Mıhlama, kara lahana sarması, kaygana, Nejla Hanım'ın fındıklı baklavası, laz böreği, tabii ki bol fındıklı sütlaç, boyumuzu aştığından fotoğraflık Trabzon ama yolluk mısır ekmeği(Rüştü'nün Fırını'nda kalmadığından komşu fırından).
Sevdiklerimizle paylaşılan hafif yaz sofraları : Semizotundan pirpirimler, kabaklı gözlemeler, mücverler, patlıcan salataları.
Uzak, yakın bahçelerden özenli, nefis, geçmişte bir yerlere götüren, içimi ısıtan hediyeler: gül reçelleri, dalından yeni kopmuş patlıcanlar, biberler, domatesler.
Ve eve, kendi içine döndüren, sakinleştiren, anlatan, dinleyen, başımızı okşayan yaz Ramazan'ı.


7 Temmuz 2012 Cumartesi

Yaz Sürerken

"Geleneksel Çin Tıbbı'na göre Beş Element Teorisi, dünyayla ilişkimizi açıklayan yıllık doğa döngüsü modelidir. Teoriye göre yaz, maksimum aktivite düzeyine ulaşmış ve artık düşüşe geçmek üzere olan fonksiyonları temsil eder(Hmm, demek bundan bende enerji patlaması olamıyormuş yazın).Baharda hissettiğimiz canlanma ve heyecan, yerini daha dingin, bazen de biraz miskin devinimlere bıraktı, bırakacak(Doğanı inkar etme M.E., sen de bırak).Yaz, aynı zamanda yılın geri kalan kısmı için enerji yaratma ve bu enerjiyi depolama zamanıdır(Yavaşlamanın da nedeni varmış).Yazın özellikle kan miktarını ve kalitesini artıran yiyecekler yemek gerekir. Örneğin siyah üzüm, kayısı, barbunya, maydonoz, yeşil yapraklı bitkiler, tam pirinç ve buğday.
Yazın elementi ateşle özdeşleştirilen duygu sevinçtir.

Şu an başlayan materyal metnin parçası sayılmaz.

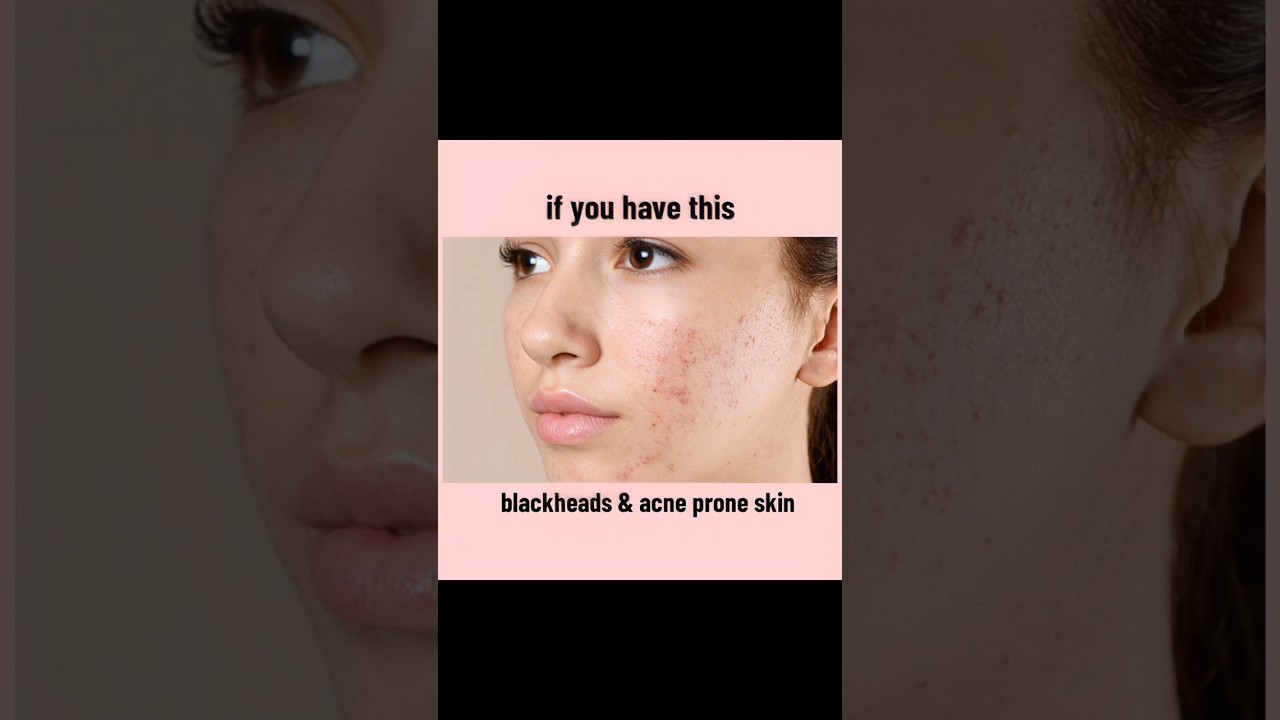 CeraVe Fixes Skin Problems | Tired of Products That Don’t Work? Try This!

Bu durum, Beş Element Teorisi'nin en dinamik haliyse de, içsel zenginliğe ancak sakin ve az hareketli aktivitelerle ulaşırız." diyor Tijen İnaltong'un Mevsimlerle Gelen Lezzetler kitabında.                                                                                               
Bazen daha çok renge bürünmenin yolu, renk peşinde koşmayı bırakıp yavaşlamaktan mı geçiyor ki(Bir de maydonoz yemekten;))?